This year's program on American history will explore the causes, conduct and consequences of the Vietnam War. With one of the strongest faculty we've ever assembled, we'll probe the lessons of Vietnam and ponder as well what is perhaps the war's strangest irony: how the Communists won the war only, ultimately, to lose the peace. Anyone who has traveled recently to the rollicking capitalist marketplaces of Hanoi and Ho Chi Minh City (Saigon) can attest to this curious fact.

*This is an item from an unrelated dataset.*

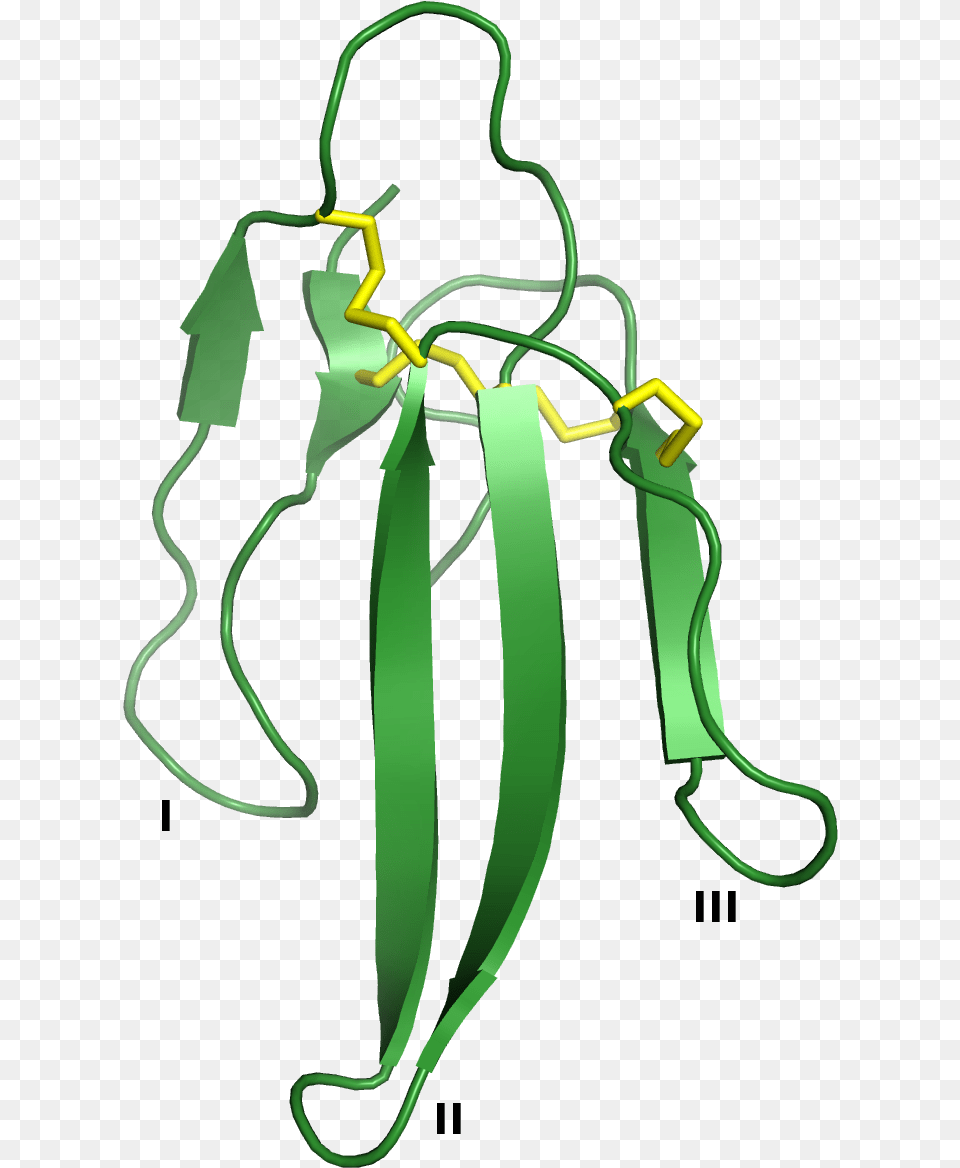 3ftx Three Finger Toxin Structure, Green, Accessories Png Image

Why are such Monday morning reflections important? The answers are obvious. Vietnam is still embedded in America's national psyche. As a people, we have never successfully put the encounter behind us. Especially for the generation of the 1960s and '70s, strong emotions - sorrow, anger and guilt - endure. The war we fought in Vietnam (and at home) was the longest and one of the bloodiest in our nation's history. Families, along with the social compact, fractured in arguments over the war's conduct and mission. Human costs were profound, witnessed by 58,000 names carved on the Vietnam Veterans Memorial. Five times that number returned home wounded. Enemy combatant losses totaled at least 10 times ours. Civilian casualties were vastly greater. What was the monetary cost? It is generally assumed that somewhere between $150 and $200 billion was expended fighting a war we did not win.

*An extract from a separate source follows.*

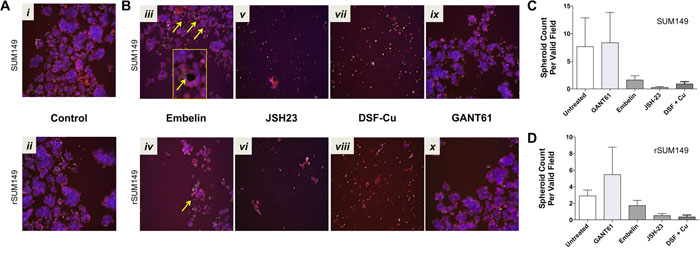 Application of 3D high content assay to test compounds known to target XIAP and NF&#x03BA;B pathways in parental SUM149 and isotype matched drug-resistant isolate, rSUM149, cells.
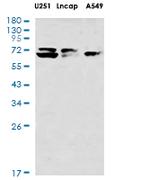 LMNA Antibody in Western Blot (WB)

Why did we fail? Were Washington's Cold War assumptions wrong? Did we understand our adversary? Were America's military strategy and tactics flawed? To what extent was policy shaped by the personalities of Lyndon Johnson and Richard Nixon?

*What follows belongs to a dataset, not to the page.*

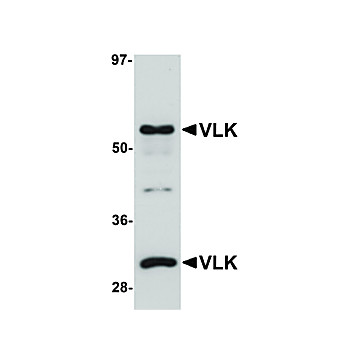 Anti-VLK (RABBIT) Antibody, 100µg, Liquid (sterile filtered)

What roles did public opinion, the media and the anti-war movement play? The questions haunt us also because they still apply.
Faculty for the program include W&L emeritus professor of history Barry Machado; George Herring, author of America's Longest War: The United States and Vietnam; and David Robarge, chief historian for the CIA. Alumni veterans of the conflict will share their stories. The program anticipates a trip to Vietnam in 2010. Our Vietnamese guide will spend the week on campus with us.